Task description: Every line from the one containing "Fox Scrunchie, Cute" to the one containing "Elegance Merry Christmas" in the records below, both included, must be set down exactly, and no other line.

Supplied information:
╭──

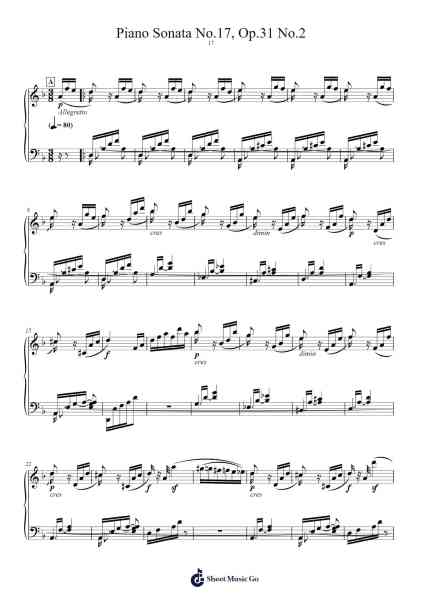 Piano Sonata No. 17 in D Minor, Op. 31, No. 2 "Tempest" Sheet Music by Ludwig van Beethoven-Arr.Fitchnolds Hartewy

╰──
╭──

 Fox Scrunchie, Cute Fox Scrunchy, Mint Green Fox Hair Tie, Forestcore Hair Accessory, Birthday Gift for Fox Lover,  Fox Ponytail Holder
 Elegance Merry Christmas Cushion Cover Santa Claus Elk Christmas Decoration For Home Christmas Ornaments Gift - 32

╰──

Written solution:
 Fox Scrunchie, Cute Fox Scrunchy, Mint Green Fox Hair Tie, Forestcore Hair Accessory, Birthday Gift for Fox Lover,  Fox Ponytail Holder
 Elegance Merry Christmas Cushion Cover Santa Claus Elk Christmas Decoration For Home Christmas Ornaments Gift - 32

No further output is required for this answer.